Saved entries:
---+---

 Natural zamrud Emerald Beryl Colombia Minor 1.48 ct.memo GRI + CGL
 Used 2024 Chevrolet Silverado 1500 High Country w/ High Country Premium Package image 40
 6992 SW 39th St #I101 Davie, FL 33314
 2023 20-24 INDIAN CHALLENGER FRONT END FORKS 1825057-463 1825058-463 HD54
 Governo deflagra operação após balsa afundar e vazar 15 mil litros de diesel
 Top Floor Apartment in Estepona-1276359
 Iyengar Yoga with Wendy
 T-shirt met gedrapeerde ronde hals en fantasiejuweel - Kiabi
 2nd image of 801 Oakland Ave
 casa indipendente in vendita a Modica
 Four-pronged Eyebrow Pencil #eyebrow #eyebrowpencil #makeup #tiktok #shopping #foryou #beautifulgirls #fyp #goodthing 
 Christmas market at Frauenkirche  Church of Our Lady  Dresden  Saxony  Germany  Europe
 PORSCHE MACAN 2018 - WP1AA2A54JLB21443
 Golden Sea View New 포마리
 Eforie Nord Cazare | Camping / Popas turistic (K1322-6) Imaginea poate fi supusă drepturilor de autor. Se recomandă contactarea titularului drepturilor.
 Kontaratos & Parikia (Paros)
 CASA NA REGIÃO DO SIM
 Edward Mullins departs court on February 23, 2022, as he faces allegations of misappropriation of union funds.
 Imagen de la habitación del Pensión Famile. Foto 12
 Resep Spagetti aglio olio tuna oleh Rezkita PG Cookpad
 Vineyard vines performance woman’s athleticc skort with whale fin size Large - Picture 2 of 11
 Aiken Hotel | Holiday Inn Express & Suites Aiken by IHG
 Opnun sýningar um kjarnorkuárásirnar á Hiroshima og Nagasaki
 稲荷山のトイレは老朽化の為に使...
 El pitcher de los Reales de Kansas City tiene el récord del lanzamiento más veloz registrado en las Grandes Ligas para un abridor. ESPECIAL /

---+---

### Task item:
Out of the entries, report each line that contains the word "with".

### Task result:
 Iyengar Yoga with Wendy
 Vineyard vines performance woman’s athleticc skort with whale fin size Large - Picture 2 of 11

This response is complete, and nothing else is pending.